--- EXERCISE MATERIALS Enclosed Below ---

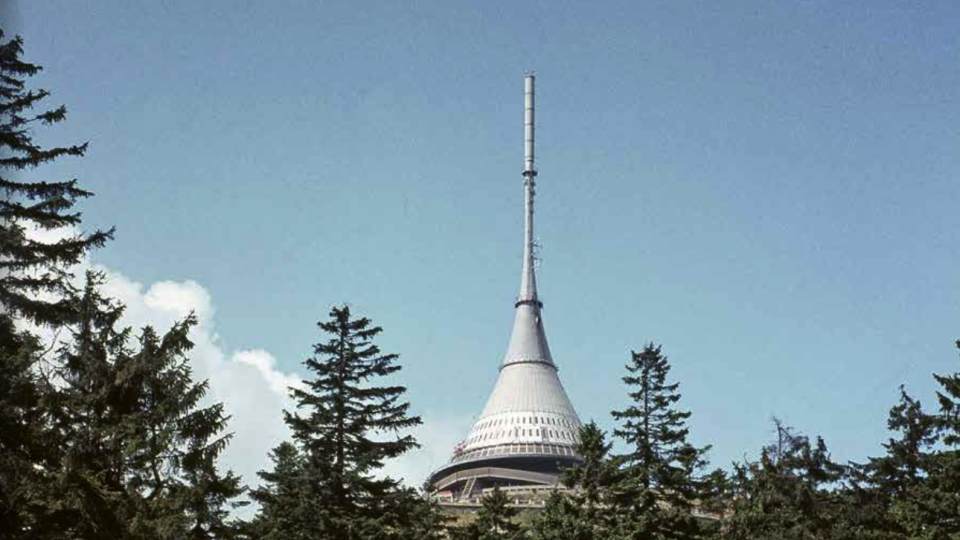 Karel Hubáček, Zdeněk Zachař, Zdeněk Patrman: Televizní vysílač 399 a horský hotel Ještěd, 1963–1973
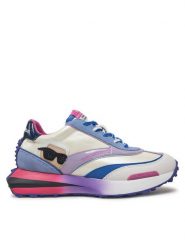 KARL LAGERFELD Sneakersy Zone KL62930N Fioletowy. Fioletowe obuwie sportowe damskie KARL LAGERFELD, ze skóry, bez zapięcia. Za 529.99 zł.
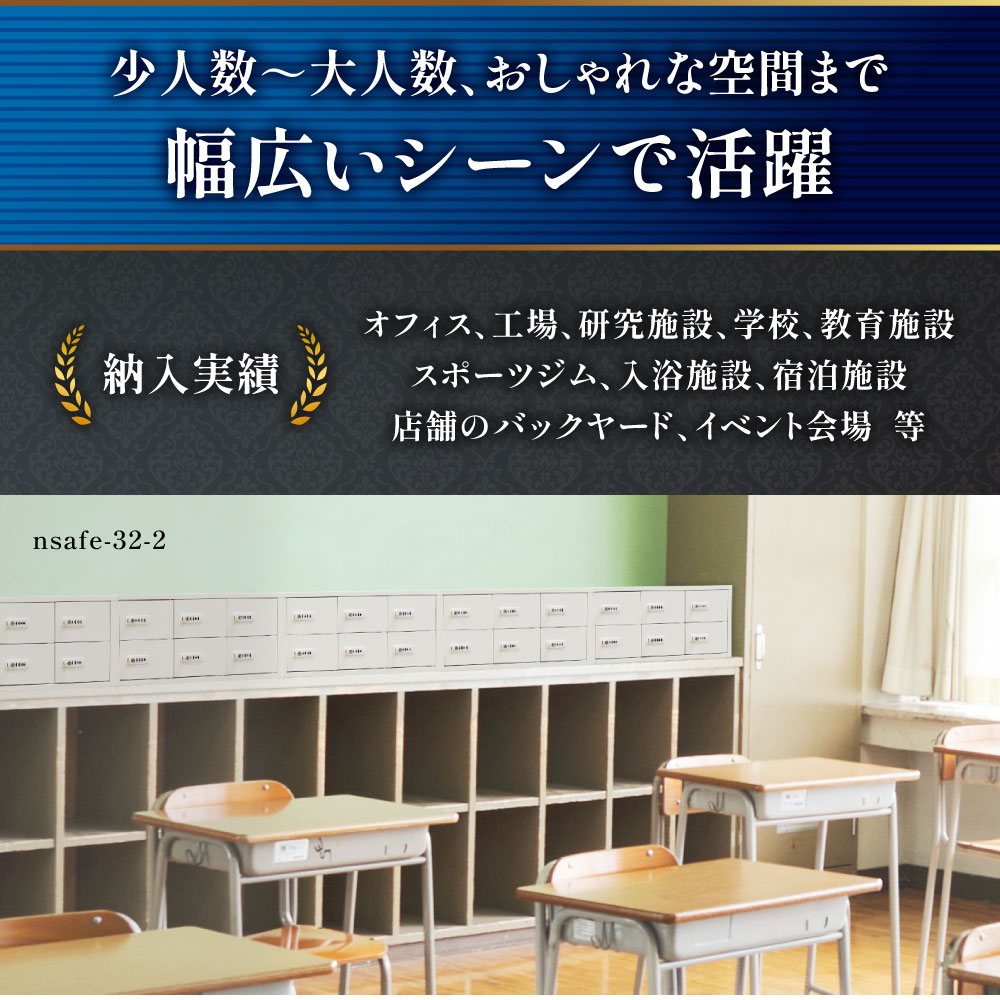 ロッカー ダイヤル錠 3列2段 6人用 貴重品入れ NSAFE-32-2C（商品番号：nsafe-32-2c）の通販 | オフィス家具通販 ...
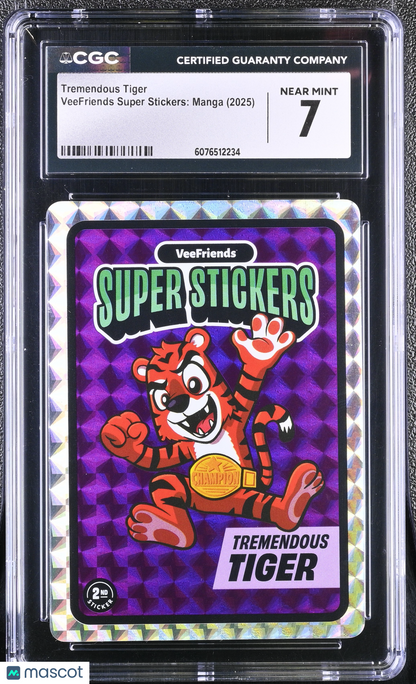 2025 Veefriends Super Stickers: Manga Tremendous Tiger CGC 7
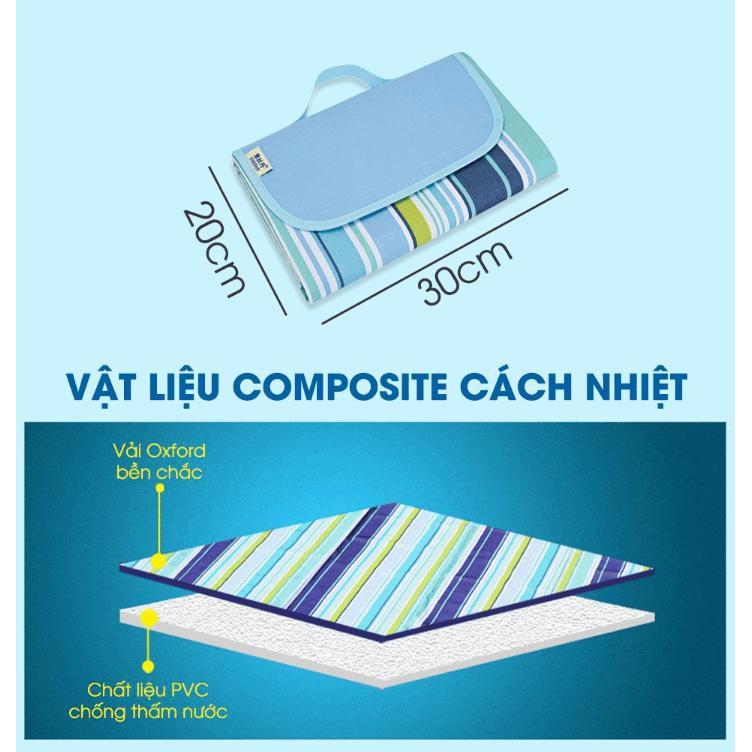 Tấm trải xếp gấp tiện lợi đi du lịch dã ngoại , cắm trại , đi phượt.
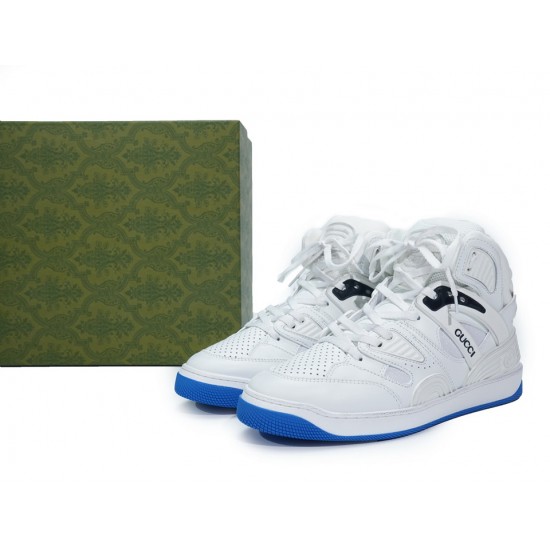 GUCCI Basketball shoes White Blue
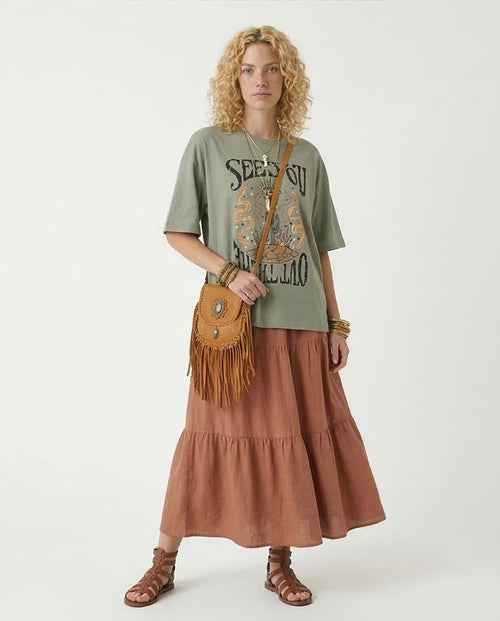 Embrace the Wild in Style with the See You Out There Graphic Tee - Olive - R209139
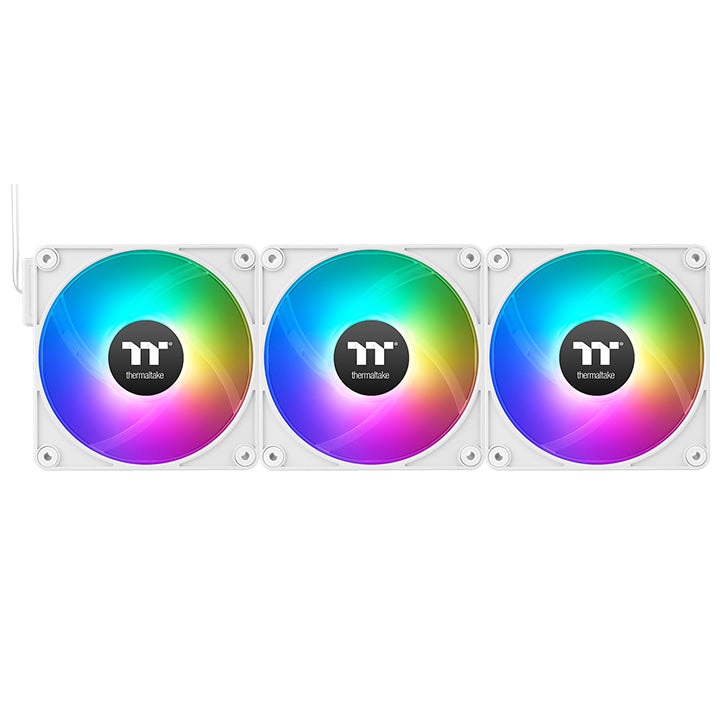 Thermaltake CL-F195-PL14SW-A Ventilatore da 14 cm Bianco con Illuminazione LED - Pacco da 3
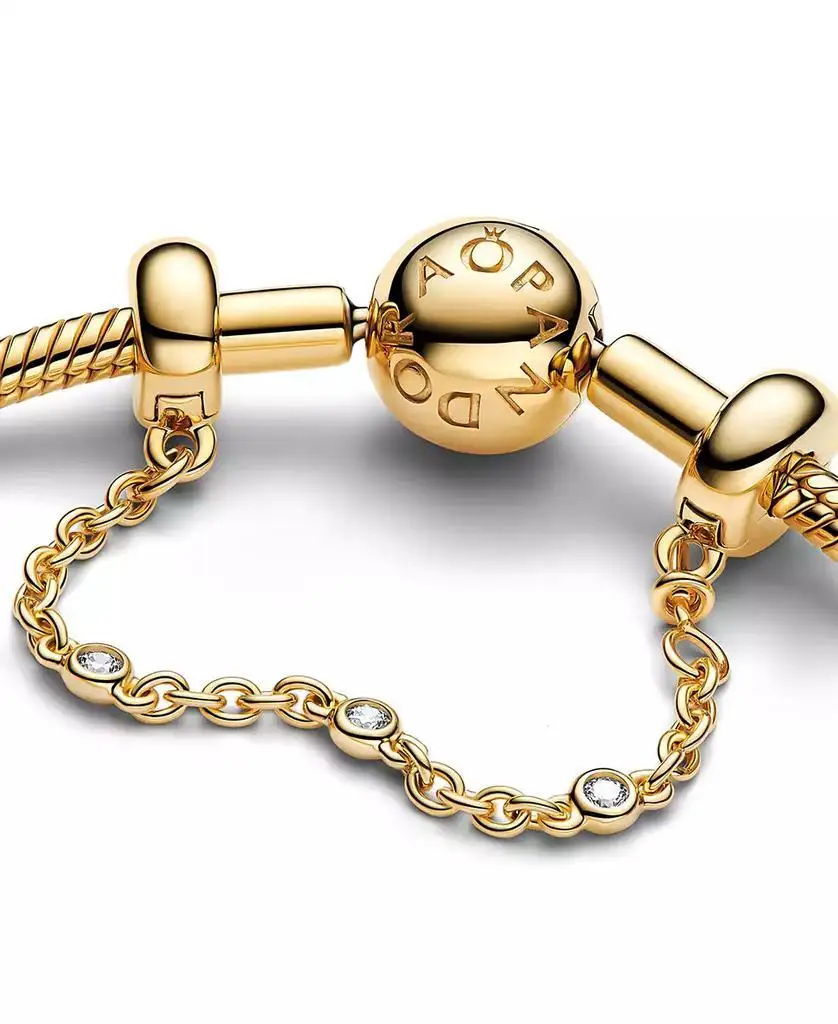 Pandora Gold-Plated Triple Clear Stone Safety Chain Charm Benefits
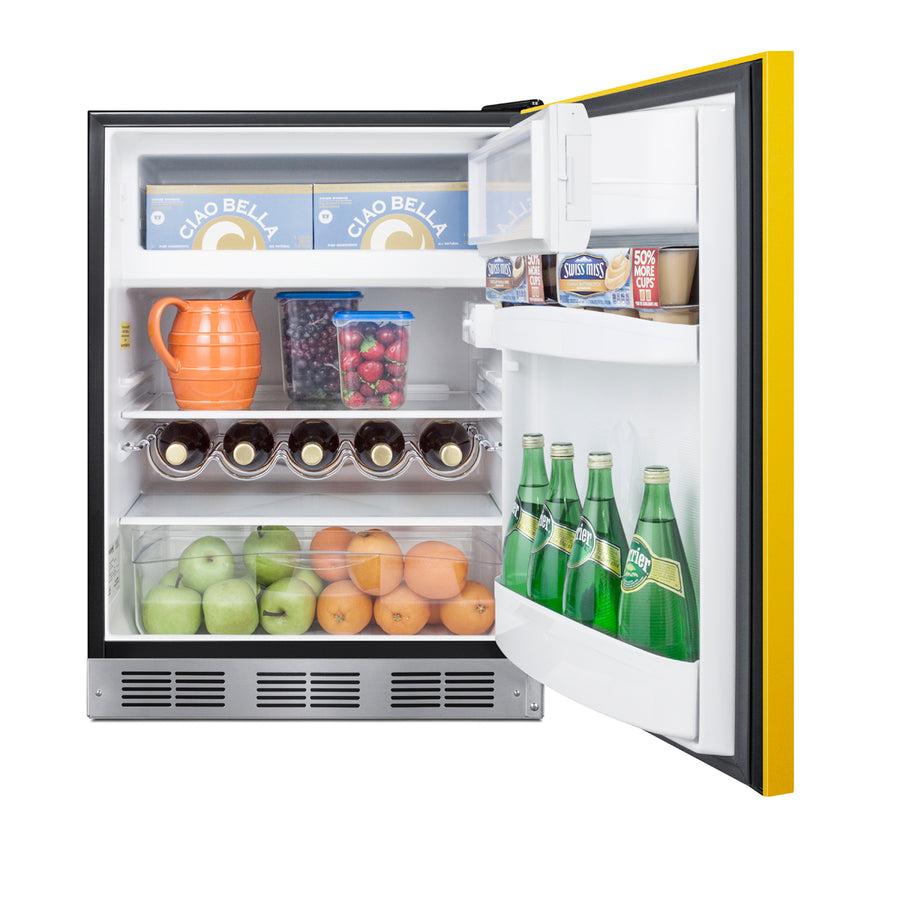 24" Wide Refrigerator-Freezer, ADA Compliant - Summit BRF631BKYADA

--- End of Enclosed EXERCISE MATERIALS ---

WHAT IS BEING ASKED: Everything from the first line of the entries above through the line with "Tấm trải xếp" should be duplicated exactly, except the pictures.

RESPONSE BELOW:
 Karel Hubáček, Zdeněk Zachař, Zdeněk Patrman: Televizní vysílač 399 a horský hotel Ještěd, 1963–1973
 KARL LAGERFELD Sneakersy Zone KL62930N Fioletowy. Fioletowe obuwie sportowe damskie KARL LAGERFELD, ze skóry, bez zapięcia. Za 529.99 zł.
 ロッカー ダイヤル錠 3列2段 6人用 貴重品入れ NSAFE-32-2C（商品番号：nsafe-32-2c）の通販 | オフィス家具通販 ...
 2025 Veefriends Super Stickers: Manga Tremendous Tiger CGC 7
 Tấm trải xếp gấp tiện lợi đi du lịch dã ngoại , cắm trại , đi phượt.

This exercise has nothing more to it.